Swift for Tensorflow rationale


This is interesting and is reminiscent of Julia’s approach in flux.

What seems divergent is the lack of multiple dispatch (+1 for Julia) and the static memory analysis/guarantees (+1 for swift).

Any thoughts?

tagging @MikeInnes in case he doesn’t see this post given that it’s in the off topic section.


The topic of programming languages for machine learning was extensively discussed here: On Machine Learning and Programming Languages


I’m excited to see what the Swift folks come up with here. We’re obviously targeting a similar set of problems, and there are more than enough differences in philosophy and design choices to keep things interesting.

Since our blog last December, several “ML as programming”-style frameworks have arrived on the scene; Swift/TF being one, but also Myia and Fluid. Where the original frameworks were built by practising ML researchers filling their own needs (Theano, Torch, Chainer), and second-wave ones were largely industrialised clones (TensorFlow, PyTorch), this third generation increasingly being built by compiler and languages people, and it looks very, very different to what came before.

One thing that’s notably missing from the landscape is a truly new language for ML. The attempts in Swift and Julia are beginning to highlight the semantics and engineering challenges and tradeoffs involved, and I expect we’ll see much more on that front over the next few years.

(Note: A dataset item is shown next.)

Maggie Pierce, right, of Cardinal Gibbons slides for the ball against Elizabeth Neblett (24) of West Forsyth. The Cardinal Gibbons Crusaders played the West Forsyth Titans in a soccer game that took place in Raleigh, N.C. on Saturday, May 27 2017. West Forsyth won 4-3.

Exciting times!


It’s interesting also that they had considered Julia also, and had many kind things to say about it. :grinning:
Swift (and Rust) are also two languages of interest to me.


In what ways do they seem different? Are user-friendliness or expressiveness among them?

Perhaps you’ve answered this in the blog post?


Isn’t Julia that new language? Or do you foresee the need for something else?


Yeah exactly. When I saw the presentation about swift for Tensorflow https://www.youtube.com/watch?v=Yze693W4MaU, it reminded me of that blog post


I’m also interested in Swift. Both for general programming and for data science/ML. So far the data science/ML part outside of iOS/MacOS (which has coreML/Accelerate etc) has been very weak (apart from some hobby projects) but TF for Swift could change all that. It’s exciting to see a modern statically typed AOT compiled native language in the data science/ML space. I’ve been wanting this for years. I’ll keep a close eye on it.

The strong interop with Python they are building also seems exciting (especially for data science/ML).


Absolutely. The main difference right now is providing an intuitive programming model while also being able to take advantage of optimisations and new hardware accelerators easily. There’s been less in the way of new PL features that support ML so far, but projects like Myia have a good opportunity to start exploring that area.

As existing languages go, Julia and Swift are by far the best suited, but they’re ultimately still general-purpose languages that weren’t designed with ML in mind. They inherently bring engineering challenges and expressiveness issues that something more specialised might not have.

An engineering example – The Swift docs give a good idea of the challenges involved in extracting TensorFlow-compatible graphs from a program. It sounds like it should be pretty easy to turn m = Chain(Dense(10, 5, relu), ...) into a graph, for example, until you realise that a model might do m.layers[3] = Dense(...) halfway through the forward pass.

While these things are solvable, mutable data structures causes a lot of issues here as well as with AD and other optimisations, and are not even necessary for the way people code against data frames and GPUs. A new language could easily have a functional data model and simplify things hugely.

For an expressiveness issue, consider my ideal definition of the Dense (FullyConnected) layer:

Dense(in, out) = x -> W * x .+ b
  where W = randn(out, in), b = randn(out)

The Flux docs actually introduce layering this way, but in real layers we have to define a struct and a bunch of boilerplate. To actually make it work we need to be able to treat closures as data structures (to move them to the GPU, for example) and perhaps have nicer ways to name and refer to closures based on where they came from (i.e. not (::#9)). These really seem like general language-level features that just happen not to supported anywhere.

ML has a bunch of cases like this, where certain patterns seem unusual or even downright backwards from the traditional software engineering standpoint, but turn out to be valid use cases that just aren’t prioritised by mainstream languages. Novel abstractions and language features could help hugely here, which is part of what makes the field exciting for PL people.

split this topic #10

5 posts were split to a new topic: Swift string handling


Is this something you are working on lately? Could Julia handle this via metaprogramming? (i.e. embed a ML specific DSL using macro).


I’m not sure…seems like it’s a type system matter, per that use of the where clause.

@MikeInnes, thank you for the explication. I’m also curious if anything is planned for these ML specific facilities.